As I mentioned last time, I enjoy your input quite a bit, so please contribute to the knowledge pool in the comments!

5 lessons from Nationals

We’ve waited 6 years and last weekend we finally had nationals again in Denmark; two days of Standard and draft to determine who would represent us at the World Magic Cup alongside Martin Müller. More importantly, for me at least, it was two days where all the awesome people I’ve met in the Danish Magic community met up, even the ones that have stopped playing. It was impossible to be bored because I was either playing Magic or I was hanging out with some of the funniest people I’ve met. I already cannot wait for next year, and I’m sure it will be even better. But we are here to learn, so let’s take a look at some of the decisions I made and see if there are any takeaways.


1. Metagaming

First up is deck selection. I started with UB since it had just won me a Pro Tour invite and the metagame hadn’t really changed since. I was a bit concerned when Mardu Vehicles won one GP the week before and UB won the other. You may think that UB winning was a good sign but it just meant that now everyone knew about it and would get a lot of reps in against it if they played online. Also the GP’s showcased GW Ramp which is a horrible matchup. I stuck to my guns, though and Thomas Enevoldsen was also on board so I hoped we could come up with a good list. This was the result:

UB Control by Anders Gotfredsen

Creatures (6)
The Scarab God
Torrential Gearhulk

Spells (28)
Fatal Push
Grasp of Darkness
Censor
Negate
Essence Scatter
Supreme Will
Disallow
Flaying Tendrils
To the Slaughter
Glimmer of Genius
Lands (26)
Fetid Pools
Aether Hub
Sunken Hollow
Choked Estuary
Swamp
Island
Evolving Wilds

Sideboard (15)
Gifted Aetherborn
Lost Legacy
Kalitas, Traitor of Ghet
Hour of Glory
Dispel
Negate
Contraband Kingpin
Liliana, the Last Hope
Never // Return
To the Slaughter
Summary Dismissal
Aether Meltdown

The key change was removing Kalitas from the maindeck and putting in a fourth gearhulk. Thomas suggested it but I wanted to try out the third god as per Dolars list. I had just won so many games with the god whereas I always felt like my gearhulks got killed by otherwise dead removal. Turns out that while The Scarab God is still a great card, the new kids on the block (GW Ramp, Mardu Vehicles and the mirror) aren’t as weak to it as, for example, Temur Energy, whereas gearhulk is great against ramp and control at least.

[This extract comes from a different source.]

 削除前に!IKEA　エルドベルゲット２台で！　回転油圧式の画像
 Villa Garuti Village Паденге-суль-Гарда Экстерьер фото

It looked like most of the good players would be on GW, Mardu or UW so gearhulk made the most sense. The only change I would have made in hindsight is an extra Summary Dismissal over one of the sideboard creatures though I can’t decide which one. The format is a lame duck now so it doesn’t matter much. As for the process it was mostly: I suggested something radical and Thomas countered with something reasonable which we then settled on. Not much to improve upon.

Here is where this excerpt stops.